Wait a minute!, I hear you object, Input handles that do output??? Actually, you've been using handles like that for decades. In most languages, every time you do a read from standard input, the first thing the input operation does is flush the standard output buffer. That's why something like:
print "nuqneH? ";
$request = <>;
pre-prints the prompt correctly, even though it doesn't end in a newline.
So input and output mechanisms are already carrying on a secret relationship.
The only change here is that now you're allowed to have the input
handle add a little something to the output before it flushes the buffer.
That's done with the prompts property. If an input handle has that property,
its value is written to $*OUT just before the input handle reads. So
we can replace:
for (print "Search? "; <>; print "Search? ";) { # Perl 5 (or 6)
with
$ARGS prompts("Search? "); # Perl 6
while (<$ARGS>) {
Technically, that should of course be:
$ARGS is prompts("Search? ");
but that grates unbearably. Fortunately the is is optional in
contexts -- such as this one -- where it can be inferred.

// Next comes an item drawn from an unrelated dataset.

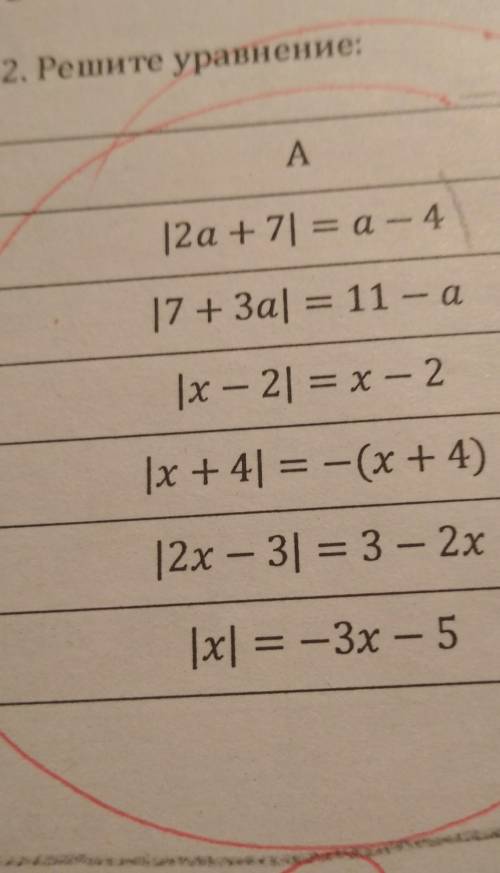 2.PeInTeypaBHeHGe: A 1. |2a+7 = 4 - 4 2. 17 +3a] = 11 - 4 3. |z -2= 2-2 4. |r + 4 = =(x + 4) . 5. 2x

Note that, because the is operation returns its left operand (even
when the is is invisible!), we could also use the rather elegant:
while (<$ARGS prompts("Search? ")>) {
In fact, this one-line version may often be preferable, since the value
of the prompts property might be changed somewhere inside the loop
and this resets it on each iteration.
The exact semantics of the prompting mechanism aren't nailed down yet, so it may also be possible to use a subroutine reference as a dynamic prompt (the handle would call the subroutine before each read and pre-print the return value).

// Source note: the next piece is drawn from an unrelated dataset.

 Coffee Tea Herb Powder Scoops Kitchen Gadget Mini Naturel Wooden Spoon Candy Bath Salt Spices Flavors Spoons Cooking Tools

Haven't we met before? (part 1)
Having requested and read in a value, the search-and-report code is almost entirely familiar:
if (my $node = search($root, $_)) {
print "Found $_ at $node: $node{VALUE}\n"
print "(again!)\n" if $node{VALUE}.Found > 1;
}
else {
print "No $_ in tree\n"
}
}
The only lurking Perl6ism is the use of the user-defined Found
property to report repeated searches.
The call to $node{VALUE}.Found would normally be a method call (in Perl 6
-> is spelled .). But since $node{VALUE} is just a regular
unblessed int, there is no Found method to call. So Perl treats the request
as a property query instead and returns (an alias to) the
corresponding property.
Take that! And that!
In Perl 6, subroutines can -- optionally -- specify proper parameter lists (as opposed to the not-evil-just-misunderstood argument context prototypes that Perl 5 allows).
For instance the insert subroutine, declares itself to take two
parameters:
sub insert (HASH $tree is rw, int $val) {
The first parameter specifies that the first argument must be a
reference to a hash and is to be assigned to the lexical variable
$tree. Defining the first parameter to be a hash reference means that
any attempt to use it in some other way (e.g. trying to do an subroutine
call through it, trying to pass it an explicit array reference, etc.)
can be caught and punished -- at compile-time.
It's important to understand that, by default, named parameters are
not like the elements of @_. Specifically, even though each
argument is passed to its corresponding parameter by reference (for
efficiency), the parameter variable itself is automatically declared
constant, so any attempt to assign to it results in a compile-time
error. This is intended to reduce the incidence of people accidentally
people shooting themselves in the foot.
Of course, this being Perl, when we really do need to draw a bead on
those metatarsals, we can. To allow assignments to a named parameter --
assignments that will propagate back to the original argument -- we
need to to declare the parameter with the standard rw (read-write)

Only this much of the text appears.